年度 営業利益率 ROE ROA PER PBR
2023 4.2% 15.8% 6.1%
2024 4.0% 11.5% 4.8% 高値8.6倍 / 安値5.5倍 1.17倍
2025(予) 4.3% 12.2% 5.2% 11.92倍

出典元:四季報オンライン

投資判断

オエノンHDの業績を見ると、売上は840〜890億円規模でゆるやかに増加しており、売上そのものは安定している。一方で営業利益・純利益は大きく伸びているわけではなく、3年ならして見ると「横ばいから微増」といった堅実な収益構造が特徴になっている。

利益率を見ると、営業利益率は4%前後と食品・酒類業界としては標準的な水準で、高収益とは言えないものの、急激に悪化する兆候もない。ROEは11〜15%の範囲で推移しており、自己資本効率は比較的高めで、この点は評価できる。ROAも5%前後と一定の水準で推移しており、資産に対して安定的に利益を生み出している企業と言える。

PERについては2025年予想で約11〜12倍と食品・酒類メーカーとしては割高感のない妥当な水準にある。PBRも1倍前後で、資産価値と株価が大きく乖離している状況ではないため、バリュエーション面では「中立〜やや割安」の評価ができる。

事業面では、本格焼酎「鍛高譚」などのブランド力が引き続き強く、地域商品・焼酎・清酒など多角的な商品展開が大きな強みになっている。また、酒類は景気敏感度が比較的低く、安定した需要があるため、業績が大きく崩れにくい点も中長期投資では安心材料となる。
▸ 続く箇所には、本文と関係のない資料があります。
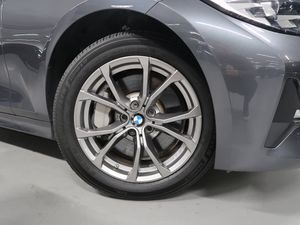 BMW 330 bild 12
反面、大幅な成長は見込みづらく、利益率・成長率の面では派手さがない。純利益が30億円に届くかどうかのレンジで推移しているため、株価に大きなプレミアムがつきにくい構造である。また、競争の激しい酒類市場に加えて原材料コストの変動リスクも常に存在している。

総合すると、オエノンHDは「安定性・資産価値・株主還元のバランスが良い堅実株」であり、急成長を期待する銘柄ではないものの、大きな下落リスクも限定されやすい。配当を受け取りながら中長期でホールドするスタイルに向いた企業で、ディフェンシブ寄りのポートフォリオを組みたい投資家には相性が良い。一方で株価の大幅な上昇を期待する成長投資家にとっては物足りない可能性がある。

配当目的とかどうなの?

オエノンHDの予想配当利回りは連25.12・連26.12ともに1.89%で、食品・酒類メーカーの平均利回りである2〜3%と比較すると低めの水準に位置している。同社は鍛高譚をはじめとする焼酎や清酒などの安定した商品ラインを持ち、売上自体も毎年安定して推移している。しかし利益の伸びは限定的で、純利益は30億円前後の横ばいが続いており、大幅な増配をするほどの余力は見えにくい。配当政策も慎重で、株主還元よりも事業安定を優先する姿勢が読み取れる。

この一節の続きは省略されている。